MC: I view the initial moments of encampments as catalyzing and a demonstration for people who were not involved or were minimally involved in the broad issues that were surfaced through Occupy. Now I see the organizing has gotten more pointed, for example, the big action that happened against Wells Fargo on April 24. More people are getting involved in the organizing, and there is a target and people trying to do really specific things. People are also looking at new forms of how to act cooperatively, like starting arts co-ops where people come together to teach each other.
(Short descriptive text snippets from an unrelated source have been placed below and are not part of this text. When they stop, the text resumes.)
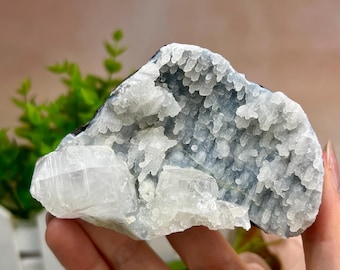 Dreamy Druzy baby blue apophyllite chalcedony stalactite, blue chalcedony, stalactite on chalcedony, apophyllite on chalcedony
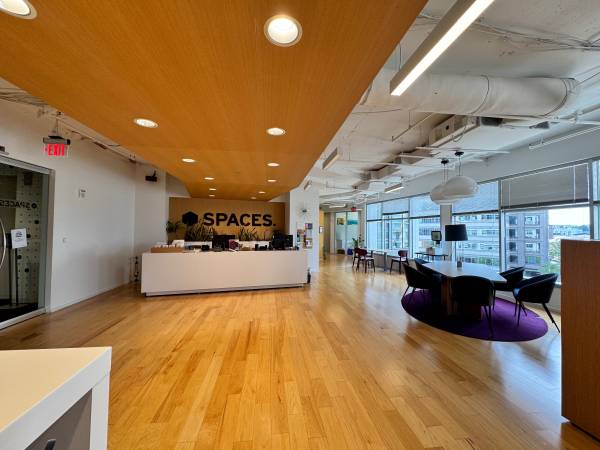 $66 Boost Your Business Presence in Chevy Chase / Bethesda! (Bethesda)63896033333379121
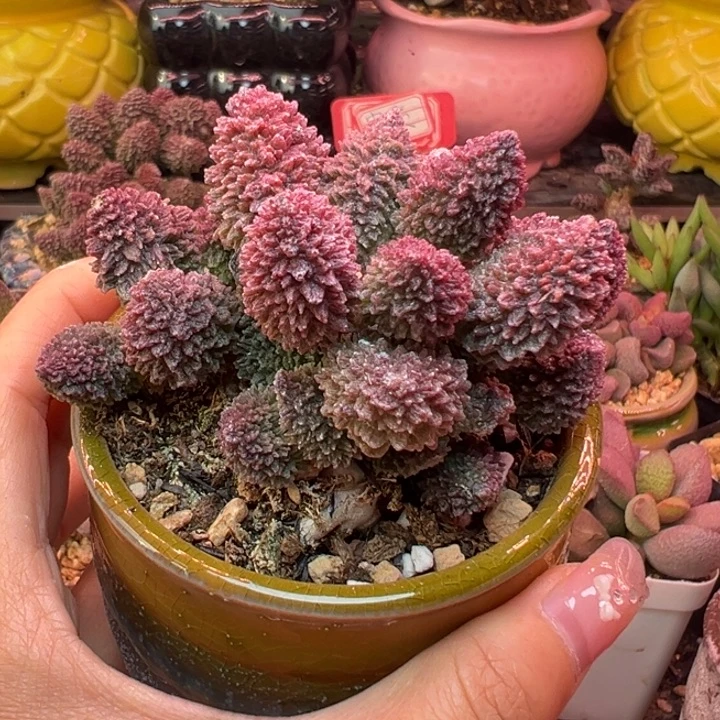 玫***花吉祥如意等名家作品在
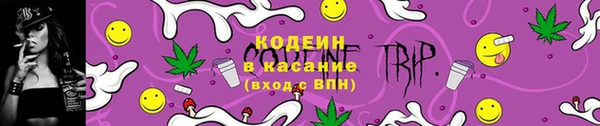 шишки Арсеньев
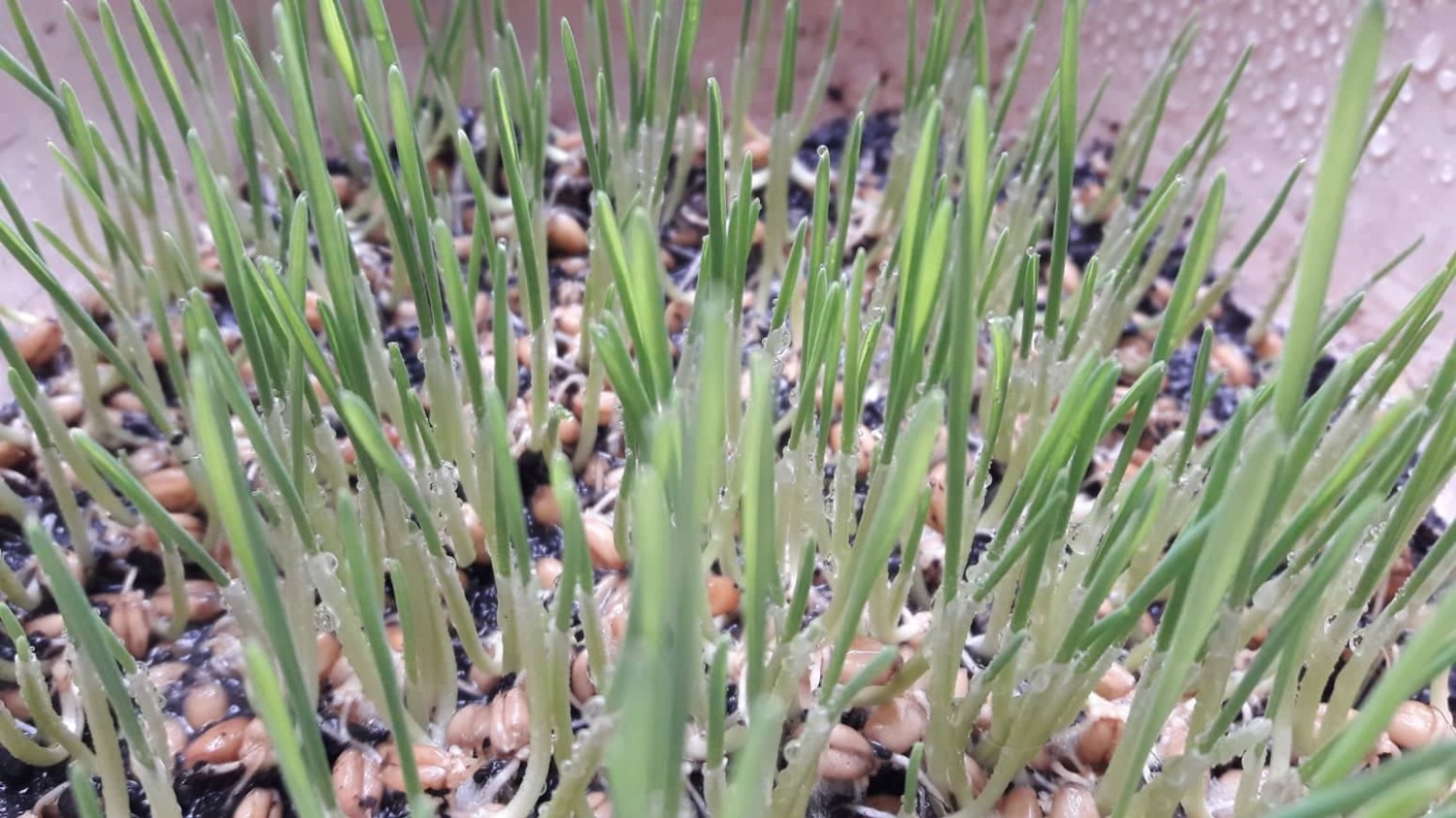 ngại đi xa mua nên quyết định mua thử, mặc kệ review trước đánh giá rất tệ. vậy mà lần đầu tiên trồng hạt nảy mầm 95%, lên thành cây chắc 80% do mình làm úng mất một ít.
Các bạn có thể google cách trồng hoặc tham khảo cách mình trồng nhé:
Bước 1: Ngâm nước ấm khoảng 10h (1 phần nước sôi - 3 phần nước lạnh)
Bước 2: Ủ hạt trong khăn ẩm khoảng 12h, lâu lâu thêm nước để khăn luôn ẩm nhé. Lúc này hạt sẽ nhú mầm
Bước 3: Rải hạt lên đất (mình chỉ cho 1 lớp mỏng đất chưa tới 1cm). Dùng khăn, giấy báo che lại tránh ánh sáng mặt trời 2 ngày đợi mầm lá mọc dài chút (khoảng 1-2cm)
Bước 4: Để chậu ra nắng bình thường, đợi thêm 3 ngày là thoải mái cắt cho các bệ hạ, hoảng hậu thưởng thức
ảnh đầu là mình chụp cuối bước 2 (sau 1 ngày), ảnh kế là sau khi gieo 4 ngày
cho 4 sao vì mắc quá, túi bé tí mà 24k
The next phase of Occupy is people developing practices beyond these catalyzing moments. When I look out the window of my day job over the plaza where Occupy Oakland was, every week there are people who come together and they make a piece of chalk art, people were having a dance party, having fun together. There was no one creating artwork or being creative once a week in the plaza before Occupy. It is hard to track everything that came out of Occupy because there was so much. It wasn’t about just one thing. Some of it was controversial, like the split between calling Occupy Oakland “Occupy” versus “Decolonize Oakland” — even the fact that that conversation took place and pushed people was important. There is a lot to learn from it and its continuing movement around the world. That momentum is important. Our insurgent spirits haven’t been quelled by the loss of the encampments. People are willing to fight for their vision of what that society can be. I’m going to keep making images that hopefully capture those visions, help focus them and reflect them back, so the people can see what they are a part of.